The tuition donation program is less generous but more flexible than vouchers, and it has grown fast after a slow start. Following an approach adopted by some other states, it relies on the tax code to direct money to private schools rather than the state appropriations that fuel vouchers. Last year, the tuition donation program allowed about 1,700 Louisiana children to attend 167 private schools, double the enrollment of the year before. Donors to the program are set to recoup about $7 million in taxpayer-funded rebates from last year's scholarships.
The program has been tweaked some in recent years. But it's still a means by which private schools and participating "donors" are heavily subsidized through an elaborate tax credit shuffle.
The basic setup is the same. Donors underwrite part, but not all, of a child’s private school tuition. Later, donors get back 95 cents for every dollar they give. And they can write the whole thing off as a charitable donation on their federal taxes.

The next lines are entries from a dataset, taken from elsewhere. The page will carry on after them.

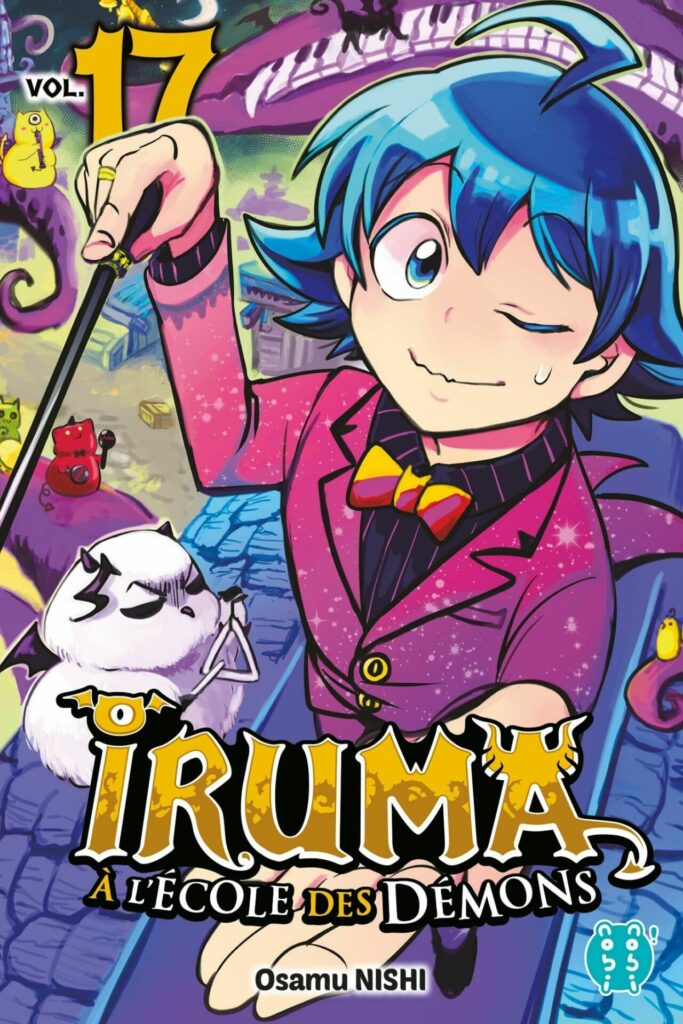 Iruma à l’école des démons T17
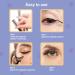 Ailun Magnetic Eyeliner and Eyelashes Kit - Volume Fluffy Natural Look - 5 Pairs Wispies Long Extension Lashes with Tweezers - Easy to Wear & Reusable - Buy Online on GoSupps.com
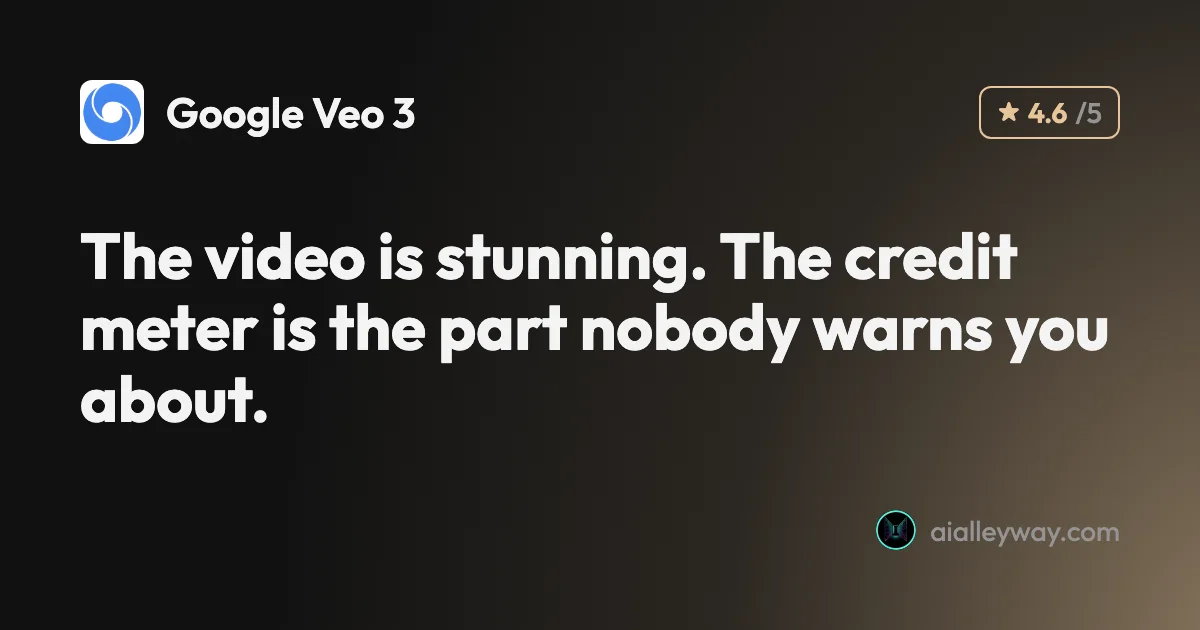 Review: Google Veo 3 Review: Cinematic AI Video, Brutal Credit Math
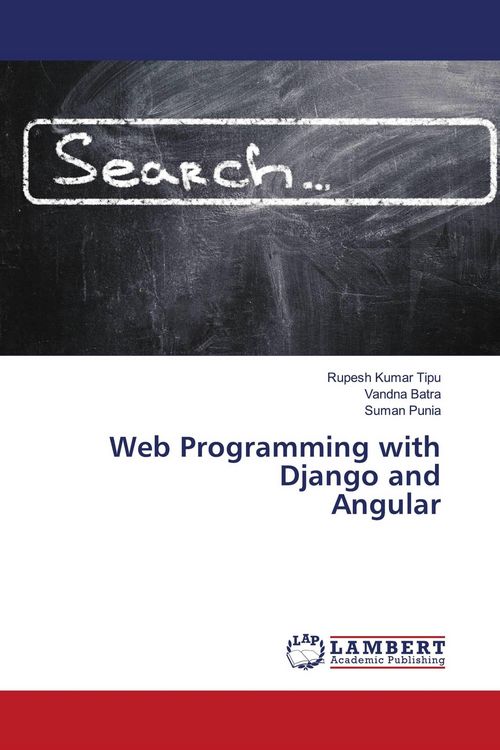 Produktbild: Web Programming with Django and Angular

Starting Jan. 1, though, donors to the program will no longer get recompensed via a state rebate that's paid out of general state tax collections.

Instead, donors will be repaid in the form of a credit on their state income taxes. That’s in line with how 16 other states already organize their own private school choice programs. Their tax payments then will be redirected out of the state treasury and into the hands of Louisiana private schools to offset student tuition.
The changes to the law will also limit participants to organizations who pay Louisiana income taxes. This will be sad news for some of the out of state participants who had been benefiting such as Chick Fil A and, yes, believe it or not, the Atlanta Falcons.

Anyway, getting back to FNBC, there's so much going on there that it's hard to pin down just what the Feds might be looking into. But you can see why they might be looking to being to lawyer up. You can also see why they might be reaching out for friends and allies who could still help them. One wonders, for example, if John Kennedy might be one such person.
WASHINGTON — In a Capitol Hill battle over the financial industry's use of arbitration clauses in contracts to limit class-action lawsuits, a key undecided Republican has attracted the attention of bank lobbyists and consumer advocates.

That person is U.S. Sen. John Kennedy, Louisiana's recent arrival in D.C. with a seat on the Senate's banking committee. So far, as the debate has started to percolate, Kennedy has kept his cards close the chest on how he might vote on a Republican-led effort to scrap an Obama-era regulation making it far easier for customers to bring class-action lawsuits against banks, credit-card companies and other financial institutions.
Kennedy is playing coy for now because he likes being feted by finance lobbyists, no doubt.  And maybe FNBC is more worried about criminal prosecution at the moment. But we're pretty sure John will be there, if not for FNBC, then for whoever the next fraud looking for legal protection might be.